3.4. Correlation Between RBP4 and Tumor Immunity

We investigated that the expression level of RBP4 expression was associated with the infiltration levels of 37 types of immune cells through Spearman correlation analysis. RBP4 exhibited positive or negative correlations with various immune cell types across the majority of cancer types analyzed (Figure 5A). Notably, RBP4 expression showed a strong positive correlation with hematopoietic stem cell infiltration in most cancers. RBP4 was also negatively correlated with CD4+ Th2 T cell infiltration across 33 cancers, with statistically significant correlations being observed in 13 cancer types. Additionally, RBP4 expression levels were positively correlated with the stroma score and immune score in most cancers, indicating their association with the tumor microenvironment (Figure 5B). Taking CD4+ Th2 T cell infiltration as an example, we visualized the significant negative correlations between RBP4 expression and CD4+ Th2 T cells (Figure 5C). Furthermore, RBP4 was positively correlated with immune checkpoints, such as VSIR, TIGIT, SIRPA, SIGLEC7, PDCD1, LILRB4, LILRB2, LAG3, HAVCR2, CTLA4, and BTLA, across many cancers, but it showed negative correlations with immune checkpoints in LIHC and TGCT (Figure 5D).

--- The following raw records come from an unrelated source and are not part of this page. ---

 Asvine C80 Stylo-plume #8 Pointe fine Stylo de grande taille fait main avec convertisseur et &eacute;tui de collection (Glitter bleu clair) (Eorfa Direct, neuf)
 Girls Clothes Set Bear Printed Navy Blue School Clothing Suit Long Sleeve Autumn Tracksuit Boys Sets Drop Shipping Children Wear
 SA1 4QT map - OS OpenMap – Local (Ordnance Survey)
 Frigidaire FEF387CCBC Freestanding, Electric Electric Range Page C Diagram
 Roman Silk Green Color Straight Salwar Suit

3.5. Mutation Information of RBP4 in Pan-Cancer

We analyzed the alteration status of RBP4 across pan-cancer using data from the cBioPortal database. The most frequent types of RBP4 alterations were amplification, deep deletion, and mutation. As shown in Figure 6A, prostate adenocarcinoma (PRAD) exhibited the highest frequency of RBP4 alterations (2.83%), primarily amplification and deep deletion. The second highest alteration frequency was observed in uterine corpus endometrial carcinoma (UCEC), predominantly involving mutations (0.95%).
According to the database, the presumed copy-number alterations of RBP4 were identified through the Genomic Identification of Significant Targets in Cancer (GISTIC) analysis. The overall mutation frequency for these alterations was 0.9%, and it included various types, such as diploid, gain-of-function, and shallow deletions (Figure 6B). Missense mutations within the lipocalin/cytosolic fatty-acid-binding protein domain were the most common type of RBP4 alteration. Notably, the S156F amino acid substitution was identified as a result of RBP4-related somatic mutations (Figure 6C).

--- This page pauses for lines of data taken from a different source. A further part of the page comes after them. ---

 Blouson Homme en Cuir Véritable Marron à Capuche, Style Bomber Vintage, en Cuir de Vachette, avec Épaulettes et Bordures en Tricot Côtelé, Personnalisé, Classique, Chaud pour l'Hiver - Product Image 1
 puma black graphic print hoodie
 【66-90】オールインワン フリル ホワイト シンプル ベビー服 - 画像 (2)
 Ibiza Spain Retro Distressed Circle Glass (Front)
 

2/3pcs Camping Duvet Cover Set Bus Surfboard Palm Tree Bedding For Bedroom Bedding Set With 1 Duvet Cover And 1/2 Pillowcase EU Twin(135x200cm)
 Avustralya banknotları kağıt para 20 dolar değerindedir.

3.6. Correlation of RBP4 Expression with DNA Methylation

The R package “biomaRt” was used for DNA methylation level analysis and expression level analysis for each CpG site of RBP4. As shown in Figure 7A, RBP4 has 14 methylation probes, with most methylation regions being located within the gene body, such as cg20602843, cg03620167, cg20633956, cg10021753, cg13228314, cg06154313, cg12331389, cg13253980, cg12298562, cg24566400, cg225793377, cg18585903, and cg12936747; among the methylation regions of the RBP4 gene, only one site, cg08950537, was located in the transcription start site (TSS). Hypermethylated cg13228314 suggested a positive correlation in HNSC and TGCT, but it had a negative correlation in BRCA, CHOL, COAD, KIRC, KIRP, LAML, LGG, LIHC, PAAD, PRAD, READ, SARC, SKCM, and STAD (Figure 7B).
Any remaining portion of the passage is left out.